TASK DATA
§
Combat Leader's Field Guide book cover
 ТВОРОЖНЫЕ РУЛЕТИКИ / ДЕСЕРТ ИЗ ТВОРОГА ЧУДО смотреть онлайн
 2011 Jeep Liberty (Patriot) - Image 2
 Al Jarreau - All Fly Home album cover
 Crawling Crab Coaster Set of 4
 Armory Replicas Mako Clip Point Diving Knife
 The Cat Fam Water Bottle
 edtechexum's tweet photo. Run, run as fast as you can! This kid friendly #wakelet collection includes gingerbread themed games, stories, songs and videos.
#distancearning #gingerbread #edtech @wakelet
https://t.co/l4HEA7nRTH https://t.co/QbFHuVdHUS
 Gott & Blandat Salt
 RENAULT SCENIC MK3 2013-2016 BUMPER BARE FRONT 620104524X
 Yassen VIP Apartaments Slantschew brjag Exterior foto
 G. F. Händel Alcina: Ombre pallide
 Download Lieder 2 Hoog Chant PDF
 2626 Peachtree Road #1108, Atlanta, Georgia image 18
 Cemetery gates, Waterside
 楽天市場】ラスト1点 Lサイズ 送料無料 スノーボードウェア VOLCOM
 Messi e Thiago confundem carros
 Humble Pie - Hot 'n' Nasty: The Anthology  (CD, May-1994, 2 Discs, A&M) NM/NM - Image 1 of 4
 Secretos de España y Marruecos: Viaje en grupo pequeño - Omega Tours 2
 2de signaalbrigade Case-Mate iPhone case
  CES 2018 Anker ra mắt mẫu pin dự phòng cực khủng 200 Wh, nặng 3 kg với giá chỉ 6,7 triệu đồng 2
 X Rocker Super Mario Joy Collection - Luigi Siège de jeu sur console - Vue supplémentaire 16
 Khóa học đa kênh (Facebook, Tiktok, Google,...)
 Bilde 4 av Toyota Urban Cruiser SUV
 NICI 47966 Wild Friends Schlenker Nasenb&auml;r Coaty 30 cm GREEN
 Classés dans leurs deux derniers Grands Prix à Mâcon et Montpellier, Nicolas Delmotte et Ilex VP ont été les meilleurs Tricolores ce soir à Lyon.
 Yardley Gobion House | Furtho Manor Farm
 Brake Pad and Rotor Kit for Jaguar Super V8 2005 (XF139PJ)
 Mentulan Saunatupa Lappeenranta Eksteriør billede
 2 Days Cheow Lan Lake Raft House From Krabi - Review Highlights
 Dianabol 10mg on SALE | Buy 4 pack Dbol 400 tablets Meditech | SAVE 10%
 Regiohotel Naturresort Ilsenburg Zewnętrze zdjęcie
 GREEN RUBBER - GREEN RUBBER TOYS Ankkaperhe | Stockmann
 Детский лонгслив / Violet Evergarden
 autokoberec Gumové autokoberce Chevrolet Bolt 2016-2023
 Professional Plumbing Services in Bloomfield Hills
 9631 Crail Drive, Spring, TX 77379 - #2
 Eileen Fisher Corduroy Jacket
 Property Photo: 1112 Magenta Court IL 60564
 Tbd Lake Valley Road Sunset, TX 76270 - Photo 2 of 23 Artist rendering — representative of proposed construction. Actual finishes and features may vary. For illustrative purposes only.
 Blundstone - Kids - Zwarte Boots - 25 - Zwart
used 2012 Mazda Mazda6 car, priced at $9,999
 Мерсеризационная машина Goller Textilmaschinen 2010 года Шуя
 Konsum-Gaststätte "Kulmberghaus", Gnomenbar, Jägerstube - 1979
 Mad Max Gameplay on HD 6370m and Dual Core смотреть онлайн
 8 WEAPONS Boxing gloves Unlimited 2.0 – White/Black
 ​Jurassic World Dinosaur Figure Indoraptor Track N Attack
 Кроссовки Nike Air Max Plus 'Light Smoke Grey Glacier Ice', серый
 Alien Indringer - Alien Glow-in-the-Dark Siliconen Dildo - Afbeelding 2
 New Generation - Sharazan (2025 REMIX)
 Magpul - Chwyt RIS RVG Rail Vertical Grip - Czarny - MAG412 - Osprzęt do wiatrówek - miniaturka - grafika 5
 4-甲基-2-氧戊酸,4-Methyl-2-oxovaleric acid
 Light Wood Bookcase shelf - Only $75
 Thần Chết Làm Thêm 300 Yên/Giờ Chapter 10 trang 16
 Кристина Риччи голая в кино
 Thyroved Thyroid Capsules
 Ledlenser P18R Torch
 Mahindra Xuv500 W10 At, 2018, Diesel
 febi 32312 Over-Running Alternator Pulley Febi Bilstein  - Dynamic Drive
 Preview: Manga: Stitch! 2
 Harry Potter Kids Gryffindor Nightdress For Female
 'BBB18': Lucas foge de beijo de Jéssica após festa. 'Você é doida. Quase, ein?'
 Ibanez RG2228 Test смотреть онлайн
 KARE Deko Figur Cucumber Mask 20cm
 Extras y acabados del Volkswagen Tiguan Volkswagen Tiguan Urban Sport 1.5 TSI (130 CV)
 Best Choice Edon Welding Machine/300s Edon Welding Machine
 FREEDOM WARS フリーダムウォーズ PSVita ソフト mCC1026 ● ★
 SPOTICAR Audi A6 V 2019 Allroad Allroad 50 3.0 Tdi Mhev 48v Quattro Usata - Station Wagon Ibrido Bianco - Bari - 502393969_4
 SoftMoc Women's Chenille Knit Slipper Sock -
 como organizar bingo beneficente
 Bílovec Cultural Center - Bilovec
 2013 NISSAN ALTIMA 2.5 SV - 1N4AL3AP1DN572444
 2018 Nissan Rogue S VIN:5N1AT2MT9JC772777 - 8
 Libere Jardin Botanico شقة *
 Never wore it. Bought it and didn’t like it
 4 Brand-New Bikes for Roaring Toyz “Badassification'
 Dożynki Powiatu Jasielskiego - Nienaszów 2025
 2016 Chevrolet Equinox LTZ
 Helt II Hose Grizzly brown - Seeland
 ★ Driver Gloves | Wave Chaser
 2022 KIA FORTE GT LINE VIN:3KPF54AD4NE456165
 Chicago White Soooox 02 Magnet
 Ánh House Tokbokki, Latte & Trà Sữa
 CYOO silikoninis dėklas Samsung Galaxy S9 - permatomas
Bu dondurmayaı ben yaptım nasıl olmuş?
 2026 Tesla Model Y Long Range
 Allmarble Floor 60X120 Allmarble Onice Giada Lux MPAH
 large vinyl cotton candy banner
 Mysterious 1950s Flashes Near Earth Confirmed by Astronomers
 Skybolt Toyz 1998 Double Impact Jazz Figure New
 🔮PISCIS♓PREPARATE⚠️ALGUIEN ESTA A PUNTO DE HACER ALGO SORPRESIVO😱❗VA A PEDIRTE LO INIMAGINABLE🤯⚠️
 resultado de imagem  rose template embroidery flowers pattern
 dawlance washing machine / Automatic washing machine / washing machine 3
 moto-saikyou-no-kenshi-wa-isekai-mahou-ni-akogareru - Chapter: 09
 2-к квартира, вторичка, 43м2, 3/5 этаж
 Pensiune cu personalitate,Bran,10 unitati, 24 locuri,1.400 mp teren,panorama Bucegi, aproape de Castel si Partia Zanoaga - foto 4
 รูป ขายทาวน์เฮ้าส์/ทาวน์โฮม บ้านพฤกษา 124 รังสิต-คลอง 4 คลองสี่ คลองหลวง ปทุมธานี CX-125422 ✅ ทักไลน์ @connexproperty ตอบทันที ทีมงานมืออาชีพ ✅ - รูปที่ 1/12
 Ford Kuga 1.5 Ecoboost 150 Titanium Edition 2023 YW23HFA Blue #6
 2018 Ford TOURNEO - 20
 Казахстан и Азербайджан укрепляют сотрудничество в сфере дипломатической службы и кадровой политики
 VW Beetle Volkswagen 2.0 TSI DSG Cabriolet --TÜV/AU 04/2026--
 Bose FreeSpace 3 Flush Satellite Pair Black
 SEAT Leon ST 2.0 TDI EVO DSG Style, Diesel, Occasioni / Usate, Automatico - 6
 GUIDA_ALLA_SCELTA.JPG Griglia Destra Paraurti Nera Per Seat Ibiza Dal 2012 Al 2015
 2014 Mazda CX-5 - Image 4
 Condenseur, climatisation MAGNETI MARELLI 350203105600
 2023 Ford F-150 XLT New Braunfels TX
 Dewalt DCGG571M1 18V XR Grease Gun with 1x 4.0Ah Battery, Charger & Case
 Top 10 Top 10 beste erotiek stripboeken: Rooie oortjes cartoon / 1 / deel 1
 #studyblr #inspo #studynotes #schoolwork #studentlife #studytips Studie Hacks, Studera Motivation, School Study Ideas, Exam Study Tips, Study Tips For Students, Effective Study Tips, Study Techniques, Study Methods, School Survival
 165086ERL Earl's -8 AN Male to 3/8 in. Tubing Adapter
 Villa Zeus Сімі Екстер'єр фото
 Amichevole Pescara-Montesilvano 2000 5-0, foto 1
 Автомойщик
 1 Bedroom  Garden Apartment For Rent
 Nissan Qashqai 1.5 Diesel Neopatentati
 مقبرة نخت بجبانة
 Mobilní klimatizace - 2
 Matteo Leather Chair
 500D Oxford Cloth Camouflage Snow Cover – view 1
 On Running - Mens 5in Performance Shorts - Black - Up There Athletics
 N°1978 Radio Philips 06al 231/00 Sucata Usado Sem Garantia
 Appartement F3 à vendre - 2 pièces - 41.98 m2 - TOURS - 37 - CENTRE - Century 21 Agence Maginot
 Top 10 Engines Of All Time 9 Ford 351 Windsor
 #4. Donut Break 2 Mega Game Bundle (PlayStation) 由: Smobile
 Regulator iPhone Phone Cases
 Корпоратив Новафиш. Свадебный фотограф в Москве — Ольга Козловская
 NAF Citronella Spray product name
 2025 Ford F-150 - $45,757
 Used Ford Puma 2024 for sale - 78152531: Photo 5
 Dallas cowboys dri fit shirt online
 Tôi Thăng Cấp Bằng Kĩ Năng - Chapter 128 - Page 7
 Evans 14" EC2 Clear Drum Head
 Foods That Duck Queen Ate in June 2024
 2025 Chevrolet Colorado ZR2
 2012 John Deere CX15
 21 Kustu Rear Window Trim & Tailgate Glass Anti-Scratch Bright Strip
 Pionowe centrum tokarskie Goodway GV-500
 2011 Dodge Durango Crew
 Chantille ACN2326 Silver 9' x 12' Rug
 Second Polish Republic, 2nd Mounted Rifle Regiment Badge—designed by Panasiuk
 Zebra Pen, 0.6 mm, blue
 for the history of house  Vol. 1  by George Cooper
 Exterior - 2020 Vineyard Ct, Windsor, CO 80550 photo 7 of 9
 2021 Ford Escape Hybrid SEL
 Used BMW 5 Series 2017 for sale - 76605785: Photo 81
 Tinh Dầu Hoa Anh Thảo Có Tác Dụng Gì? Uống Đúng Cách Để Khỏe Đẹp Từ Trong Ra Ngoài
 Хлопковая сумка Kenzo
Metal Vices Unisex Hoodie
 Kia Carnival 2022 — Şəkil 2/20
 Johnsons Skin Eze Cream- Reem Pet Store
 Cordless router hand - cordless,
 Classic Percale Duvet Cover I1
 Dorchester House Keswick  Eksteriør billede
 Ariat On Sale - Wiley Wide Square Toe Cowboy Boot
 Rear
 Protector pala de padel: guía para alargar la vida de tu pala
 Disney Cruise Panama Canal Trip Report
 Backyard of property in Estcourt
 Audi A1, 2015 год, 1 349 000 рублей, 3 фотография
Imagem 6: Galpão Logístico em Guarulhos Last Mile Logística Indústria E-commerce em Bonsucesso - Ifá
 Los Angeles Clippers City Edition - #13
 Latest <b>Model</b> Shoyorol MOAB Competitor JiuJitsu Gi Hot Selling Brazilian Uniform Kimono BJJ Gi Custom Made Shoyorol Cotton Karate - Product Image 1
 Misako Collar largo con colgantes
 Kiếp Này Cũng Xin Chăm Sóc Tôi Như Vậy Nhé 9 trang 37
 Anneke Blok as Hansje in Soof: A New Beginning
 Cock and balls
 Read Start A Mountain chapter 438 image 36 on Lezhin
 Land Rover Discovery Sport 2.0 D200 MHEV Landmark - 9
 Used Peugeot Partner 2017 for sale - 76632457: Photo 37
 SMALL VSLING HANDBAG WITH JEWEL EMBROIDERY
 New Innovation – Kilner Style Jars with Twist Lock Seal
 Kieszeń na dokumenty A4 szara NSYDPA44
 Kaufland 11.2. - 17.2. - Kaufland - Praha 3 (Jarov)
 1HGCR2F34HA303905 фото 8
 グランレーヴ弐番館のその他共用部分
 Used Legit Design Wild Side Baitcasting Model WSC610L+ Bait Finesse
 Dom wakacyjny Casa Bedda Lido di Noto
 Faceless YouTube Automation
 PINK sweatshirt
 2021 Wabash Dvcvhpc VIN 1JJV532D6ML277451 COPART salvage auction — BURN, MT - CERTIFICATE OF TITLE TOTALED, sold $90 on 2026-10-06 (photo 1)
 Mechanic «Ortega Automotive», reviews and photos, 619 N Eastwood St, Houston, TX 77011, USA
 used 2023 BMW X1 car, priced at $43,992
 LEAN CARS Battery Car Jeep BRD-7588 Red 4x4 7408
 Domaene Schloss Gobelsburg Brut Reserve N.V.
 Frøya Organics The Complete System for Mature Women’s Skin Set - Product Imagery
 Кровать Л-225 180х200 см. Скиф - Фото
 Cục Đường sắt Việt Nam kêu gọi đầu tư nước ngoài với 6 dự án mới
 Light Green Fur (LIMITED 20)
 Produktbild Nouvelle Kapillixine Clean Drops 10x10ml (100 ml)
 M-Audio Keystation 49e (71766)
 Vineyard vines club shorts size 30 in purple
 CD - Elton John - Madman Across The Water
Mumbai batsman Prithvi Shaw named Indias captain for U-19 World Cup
§
TASK STATEMENT
Take the stretch of lines above from the one containing "Chicago White Soooox 02 Magnet" through the one containing "2-к квартира, вторичка, 43м2, 3/5 этаж" and repeat it exactly, adding no other line.

SOLUTION FOR THIS TASK
 Chicago White Soooox 02 Magnet
 Ánh House Tokbokki, Latte & Trà Sữa
 CYOO silikoninis dėklas Samsung Galaxy S9 - permatomas
Bu dondurmayaı ben yaptım nasıl olmuş?
 2026 Tesla Model Y Long Range
 Allmarble Floor 60X120 Allmarble Onice Giada Lux MPAH
 large vinyl cotton candy banner
 Mysterious 1950s Flashes Near Earth Confirmed by Astronomers
 Skybolt Toyz 1998 Double Impact Jazz Figure New
 🔮PISCIS♓PREPARATE⚠️ALGUIEN ESTA A PUNTO DE HACER ALGO SORPRESIVO😱❗VA A PEDIRTE LO INIMAGINABLE🤯⚠️
 resultado de imagem  rose template embroidery flowers pattern
 dawlance washing machine / Automatic washing machine / washing machine 3
 moto-saikyou-no-kenshi-wa-isekai-mahou-ni-akogareru - Chapter: 09
 2-к квартира, вторичка, 43м2, 3/5 этаж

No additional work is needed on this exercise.